Scientists may have pinpointed a microscopic reason why people suffering from the most common type of vertigo experience a distinct time lag between a rapid head motion and the onset of dizziness. The explanation, the researchers say, could be that it takes five to six seconds for minuscule crystals in the inner ear to sediment after the head moves suddenly, an event that can set a dizzy spell in motion.
The team of engineers and physicians from Harvard University, the California Institute of Technology, and Northwestern University reports in the August issue of the Journal of Biomechanics on a mathematical model they’ve developed to support this theory on the cause of benign paroxysmal positional vertigo (BPPV).
“While BPPV is not life-threatening, it induces disorientation that is severely discomforting and can cause nausea and accidents,” says Howard A. Stone, Harvard College Professor and Gordon McKay Professor of Chemical Engineering and Applied Mechanics in Harvard’s Division of Engineering and Applied Sciences. “We used hydrodynamic models to show that if tiny particles in the inner ear become dislodged, which researchers have previously posited as the trigger for BPPV attacks, the period of time for these particles to fall far enough to adversely impact pressure within the inner ear roughly matches the typical lapse between a head tilt and onset of vertigo.”
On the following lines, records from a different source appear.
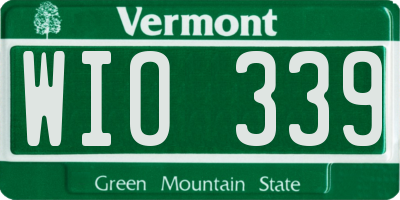 VT license plate WIO339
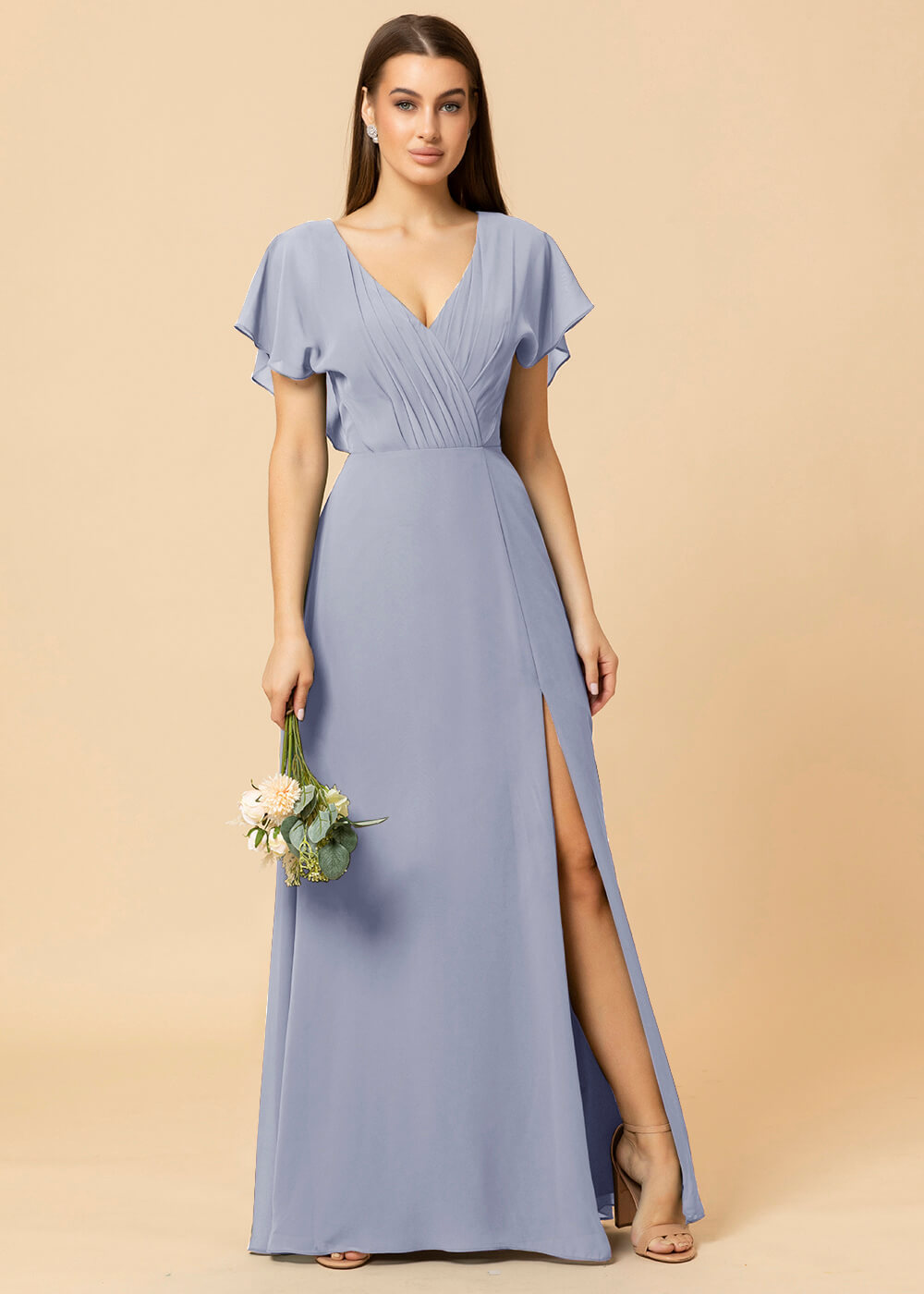 V-neck A-line Cap Sleeve Chiffon Long Bridesmaid Dress
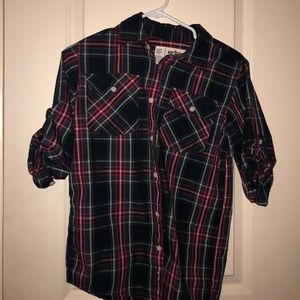 Short sleeve plaid shirt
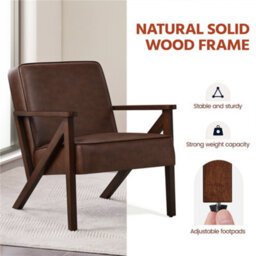 Yaheetech Dark Brown Extra-Wide Faux Leather Armchair - thumbnail 8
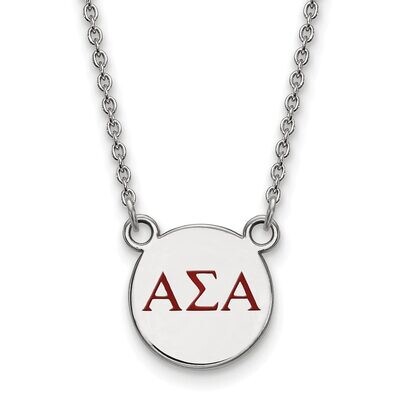 Alpha Sigma Alpha Extra Small Enameled Pendant with 18 Inch Chain Sterling Silver SS027ASI-18, MPN:…
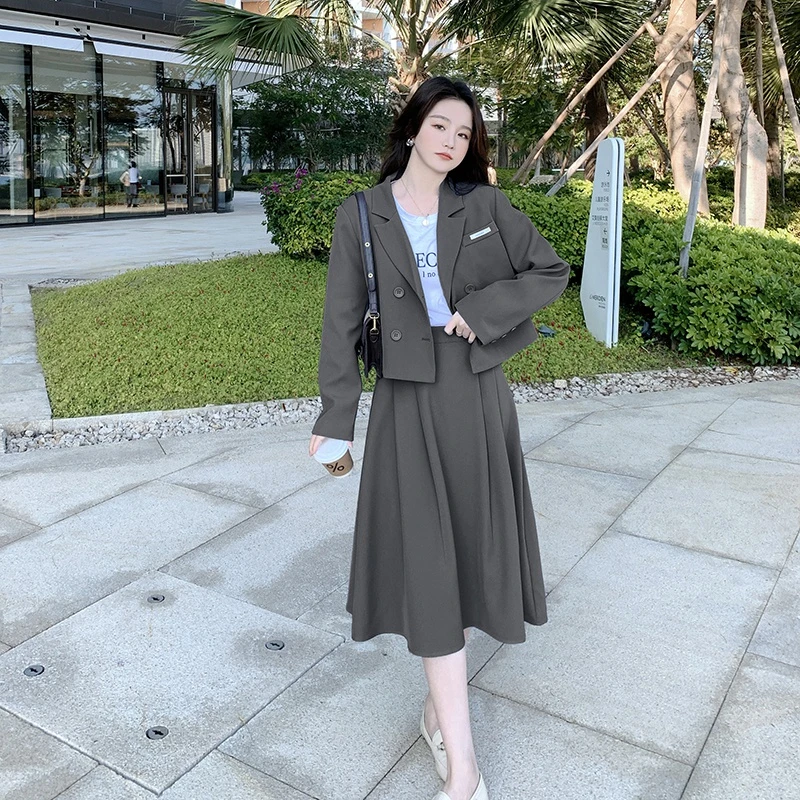 2025年春秋季韩版小众设计感温柔风气质高腰显瘦西装半身裙套装女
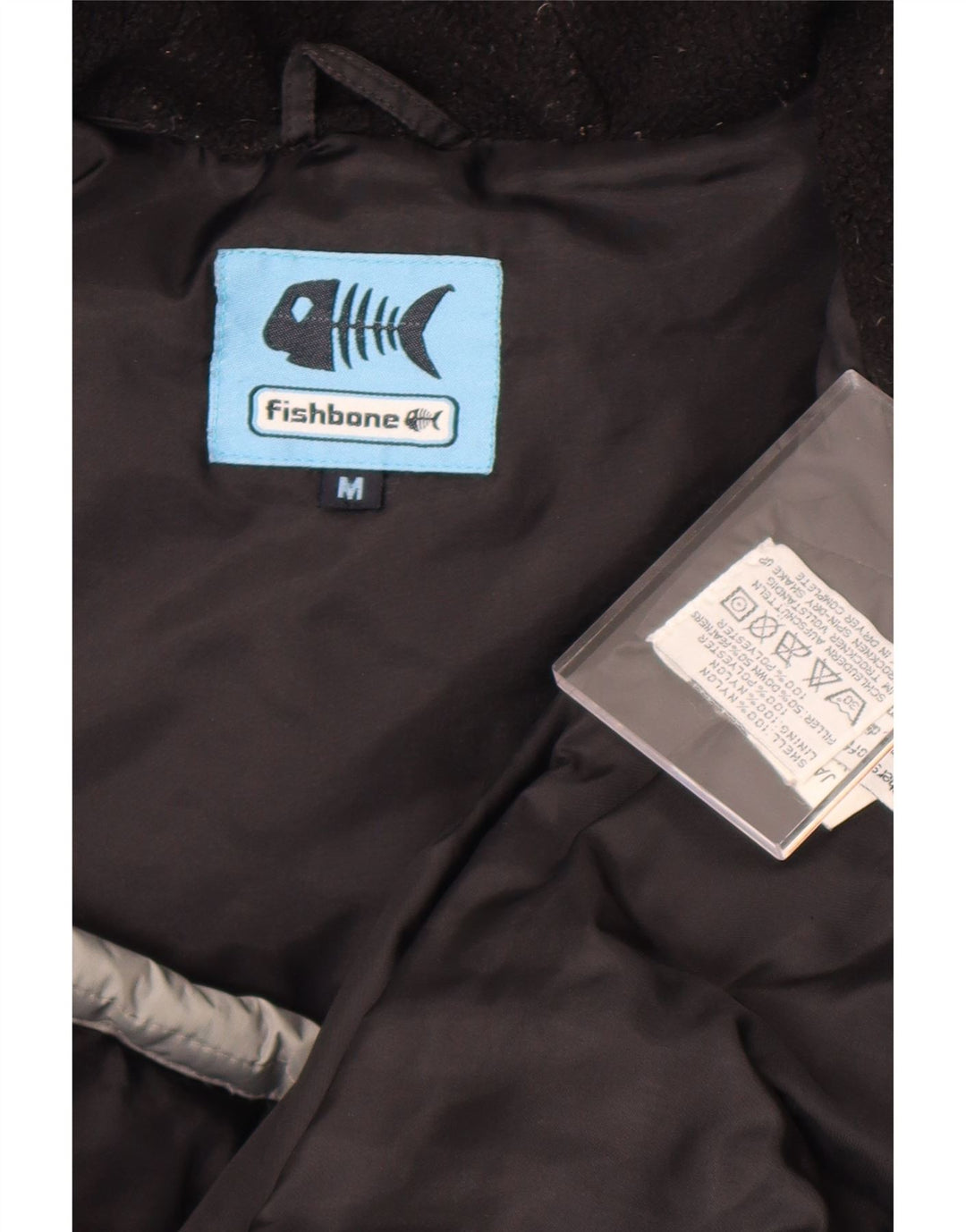 Fishbone Herre hættepolstret jakke UK 38 Medium Grey Colourblock Nylon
BPPV is a mechanical disorder originating in the vestibular system within the inner ear, where three fluid-filled semicircular canals detect head rotation about each of three axes. Many researchers believe BPPV attacks are triggered when calcite particles called otoconia, which normally reside in the inner ear, dislodge and interfere with proper functioning of these semicircular canals. The disorder is characterized by a lag of several seconds between a rapid head movement and the onset of a debilitating spinning sensation.
Along with Harvard undergraduate (now GSAS graduate student) Michael S. Weidman, Todd M. Squires at Caltech, and Timothy C. Hain of Northwestern, Stone examined whether this delay might coincide with movement of otoconia. Their fluid-modeling work showed that the latency characteristic of BPPV nearly matches the amount of time it would take for loose otoconia to detrimentally affect pressure within the semicircular canals of the vestibular system.
“Otoconia are tiny, generally just a minute fraction of a millimeter, but still large enough to cause disruptions in the inner ear,” Stone says. “The otoconia settle over a period of five to six seconds to a point where the semicircular canals undergo a significant reduction in radius, increasing the pressure within the semicircular canals and possibly leading to dizziness.”
BPPV is also known as “top-shelf vertigo,” since attacks are often prompted by a sudden tilting back of the head, as if to look at objects on a high shelf. It is the most commonly diagnosed type of vertigo, with some studies suggesting that it affects 9 percent of older individuals. Treatment for BPPV is purely mechanical, involving a set of head motions (a common version is called the Epley maneuver) that are believed to flush otoconia from the sensitive semicircular canals.
Hain, a medical scientist who studies motor control of the head and neck, originally sought Stone’s assistance in studying the possible role of fluid dynamics in BPPV. Stone says that he, Squires, and Weidman, none of whom are physicians, bring a different perspective to a medical ailment that’s largely mechanical in nature. In addition, Stone and his collaborators are able to provide other quantitative insights useful for characterizing BPPV.
“This is a new way of thinking for the medical community, which tends to look at problems differently than engineers or physicists might,” he says. “Because of its mechanical nature, BPPV may be an illness that requires a degree of cooperation between physicians and engineers.”